# plumbing laser level



## oh'mike (Sep 18, 2009)

I'm not sure exactly what you are talking about--However--I used to do piping on factory ceilings--

We would snap out the layout on the floors and use a laser to transfer 'god marks' to ceilings.

That laser was a four way--left-right--straight ahead--and straight up. It was also self leveling.
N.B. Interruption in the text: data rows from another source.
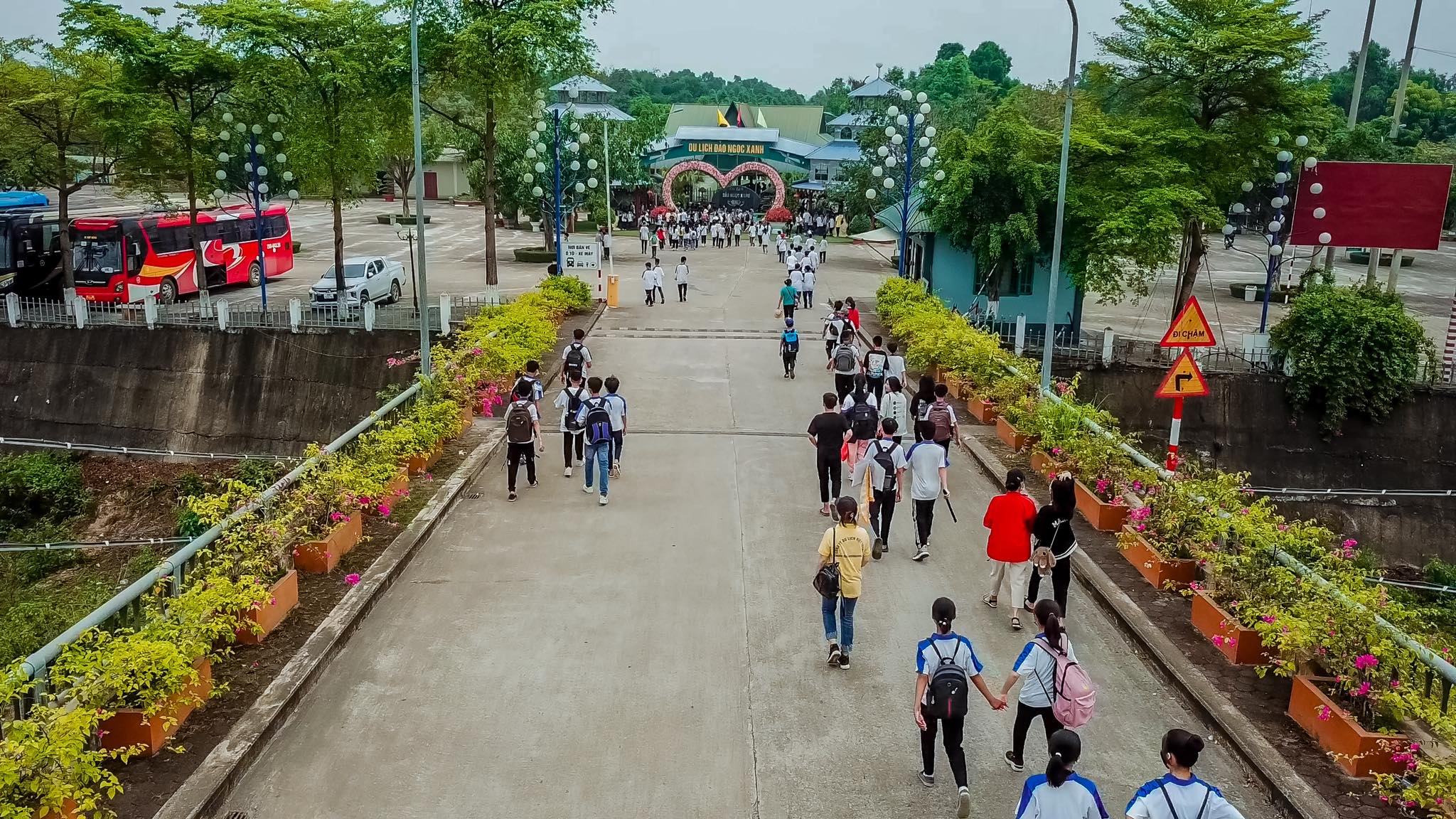 Thanh Thủy nhộn nhịp đón khách du lịch về tham quan, nghỉ dưỡng dịp nghỉ Lễ 30/4-01/5/2022.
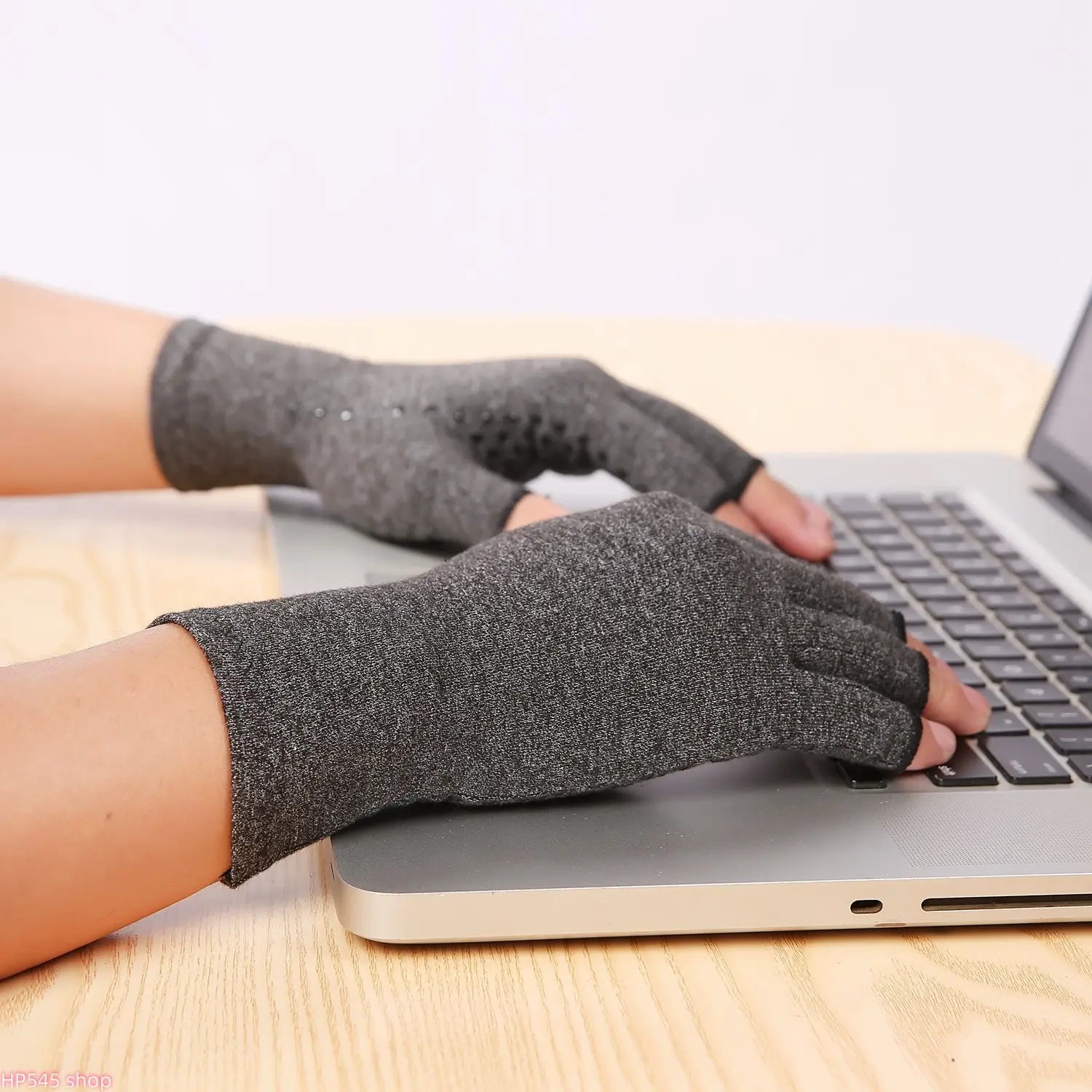 Unisex 2-Pair Arthritis Compression Fingerless Gloves, Healthcare Accessories for Carpal Tunnel Pain Relief, Typing Support & Blood Circulation Boost homedecor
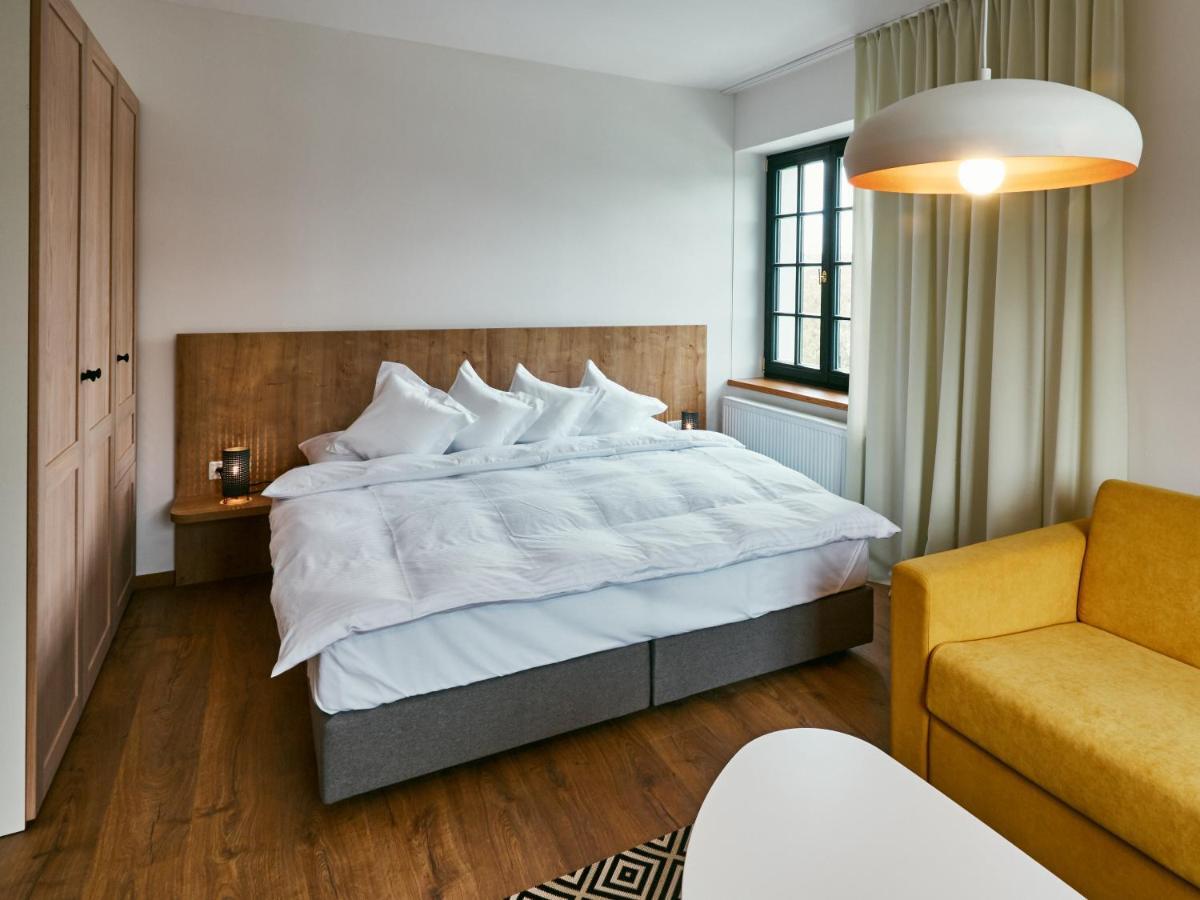 Hotel A Hostinec Slunce Osecna 外观 照片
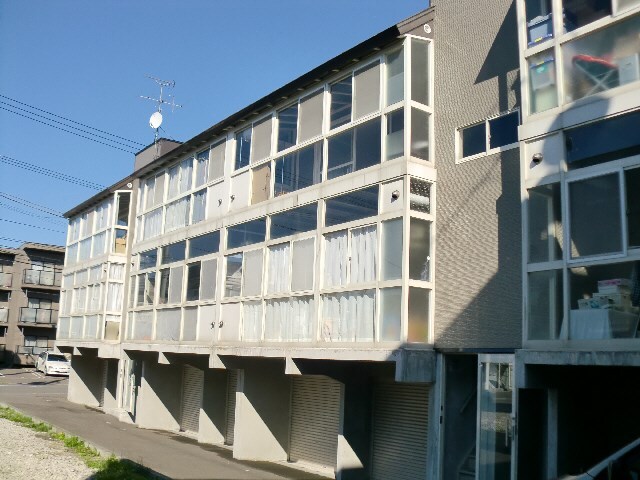 エスコート２５の物件外観写真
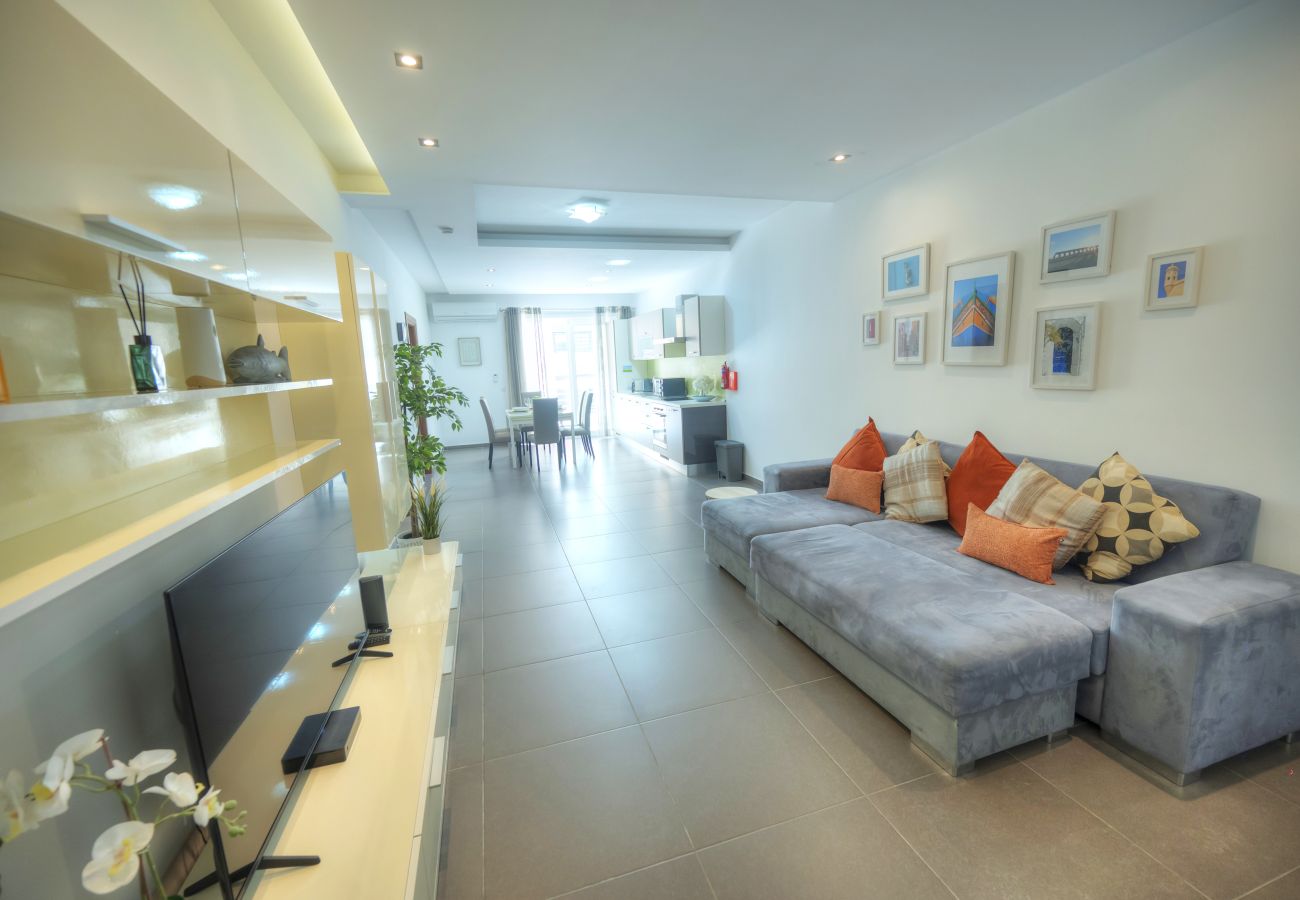Apartamento en Sliema - Bright & Large 2bedrooms in Sliema center MPOR1-1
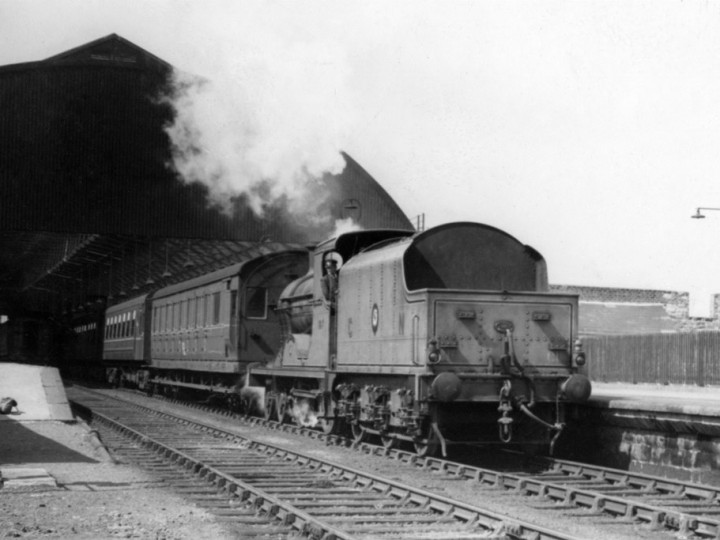 15/4/1962: U No.197 'Lough Neagh' and tender 43 at Westland Row with the 1:20pm special to Lansdowne Road.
That type might be a possibility----I didn't own the laser and can not remember the brand.

---Mike---


----------



## jrepp44 (Jan 6, 2010)

Check out this forum thread, it might be helpful
http://forums.jlconline.com/forums/showthread.php?t=38391


----------



## PaliBob (Jun 11, 2008)

Miller, I have the CST/BERGER LASERMARK®, Laser Plumb Bob
Unfortunately this beautiful highly polished brass one beam laser is no longer in production.
The laser beam shoots up from the Plumb Bob which is held vertical by a self aligning pivot point on the brass stand whose circular base is open so that the bottom tip of the plumb bob can be centered over a reference point on the stair tread.
A similar model may still be available *example:* *eBAY*

CST/Berger has a newer 3 Beam Plumb Bob 
e.g. http://www.amazon.com/CST-LaserMark-58-MP3-Self-Leveling-3-Beam/dp/B0007M6BA4
.


----------



## Chevy85 (Jul 21, 2009)

I have used a porter cable robotoolz plumb bob laser for years now. Commercial and residential jobs, it has never failed me.


----------